How do these findings compare to the state of the art? We contrast the qualitative results of our model with three other existing models in Figs. 5 and  6. Lin et al.12 was the first study that used the NSD dataset for reconstruction. They are similar to our model in terms of utilizing both image and text features as conditions, but they used a StyleGAN2 model instead of an LDM. Takagi et al.22 is the only other study (in addition to ours) to use a latent diffusion model for reconstructing images from the NSD dataset. Finally, Gu et al.23 used an Instance-Conditioned GAN model trained on ImageNet. In Fig. 5, we compared our results with previous studies for the same set of images as in Fig. 3. Since Lin et al. used a different train-test split for their model, we used a replication of their model on the same train-test split as ours. Takagi et al. and Gu et al. shared generated images from their models with us for comparison. From these reconstructions, we can see that all methods capture high-level information to a degree, but not all of them are equally good at utilizing this information for image reconstruction. For instance, in the first image with a plane, Brain-Diffuser reconstructed a plane image that looks more similar to the ground-truth image and has a more realistic structure compared to Lin et al. and Gu et al. (and there is no recognizable plane in the reconstruction of Takagi et al.). In the fourth image with a man with glasses, the face is barely recognizable for Lin et al., the reconstruction by Gu et al. does not contain arms or glasses, while Takagi et al. reconstruct an unnatural rendition of a face and arms; in contrast, Brain-Diffuser exhibits a more natural-looking reconstruction and also manages to reconstruct the glasses.

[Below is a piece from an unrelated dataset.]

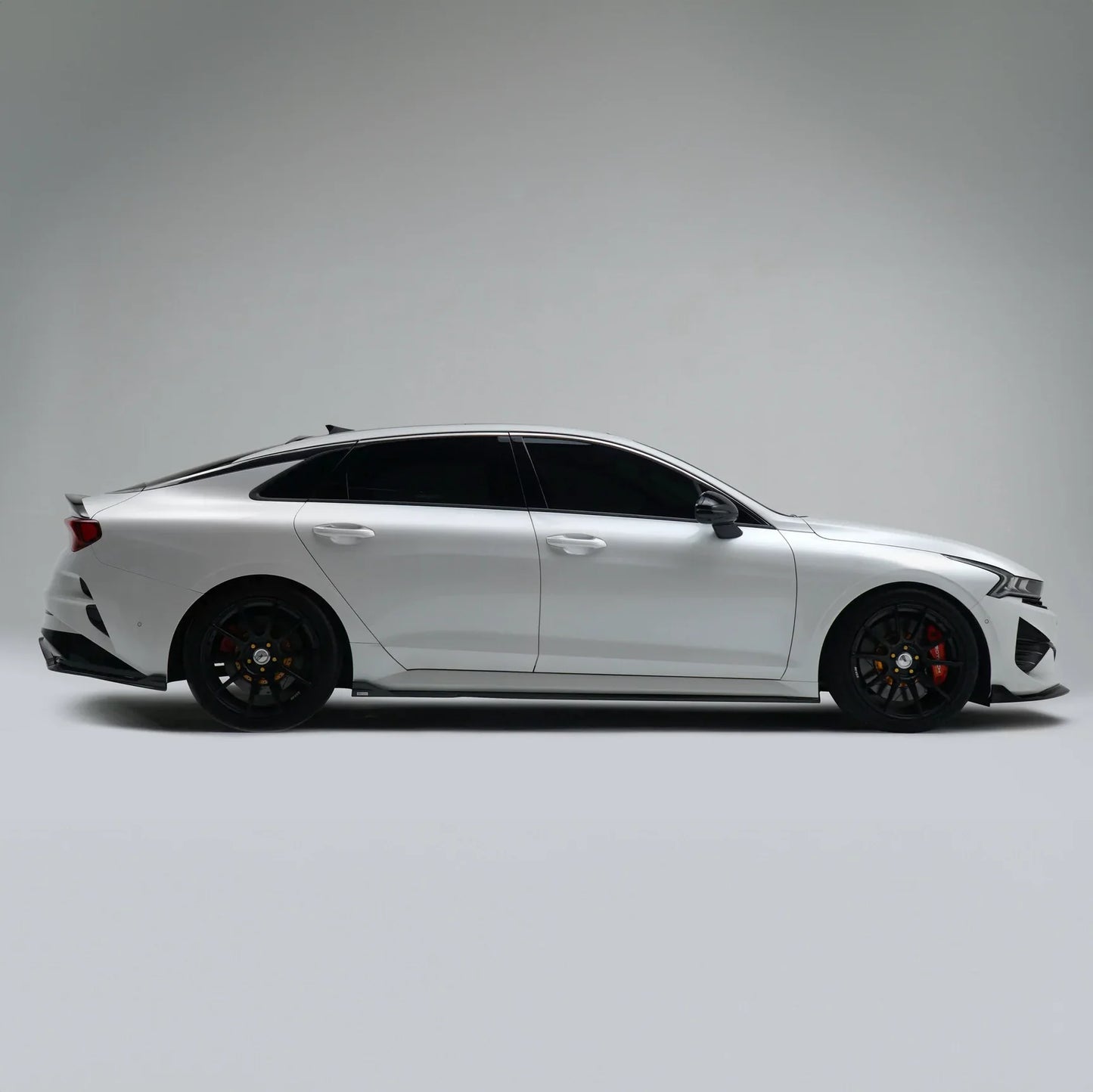 kia-k5-side-skirts_image_1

In Fig. 6, we compare our method against the same three baselines, but using image reconstructions that were reported by the original authors in their papers, which might be more representative of each method’s performance. Although Lin et al. seems to be performing better than the other two prior models, in some instances the quality of their reconstructions still lags behind ours. For instance, in the second image, the details of the truck are better represented in our model, while for the third image, the shape of the toilet is better represented in Lin et al. In the fourth image, the color of the clothes is presented more accurately in our model, as well as the fact that the person is holding an item; the person’s face also looks more realistic compared to Lin et al. On the other hand, the color and location of the pizza in the sixth image appear more aligned with the ground-truth image for Lin et al. Although Takagi et al. generates easily recognizable silhouettes, they do not seem to perform as well as our model in any qualitative aspect including low-level details, semantics, or naturalness. Finally, when we compare our results to Gu et al., we can see that, although both appear good at reconstructing images with similar semantics, structural aspects are less well represented in their reconstructed images (e.g. unrealistic warped shapes for the train, bus, and building). In contrast, the shape and texture details of our model are more realistic. Since their model has a BigGAN backbone, with few parameters to encode the entire layout of the image (including the object’s class, its pose, size, and location), and since it is trained on a single-object-centric dataset (ImageNet), the model seems to be limited in reconstructing complex scenes with multiple objects. On the other hand, since LDMs include a spatially organized map of features, it is more convenient for them to represent multiple objects; as an example, we see one train in the third image although there are two trains in the groundtruth image, and in the reconstructed image from our model.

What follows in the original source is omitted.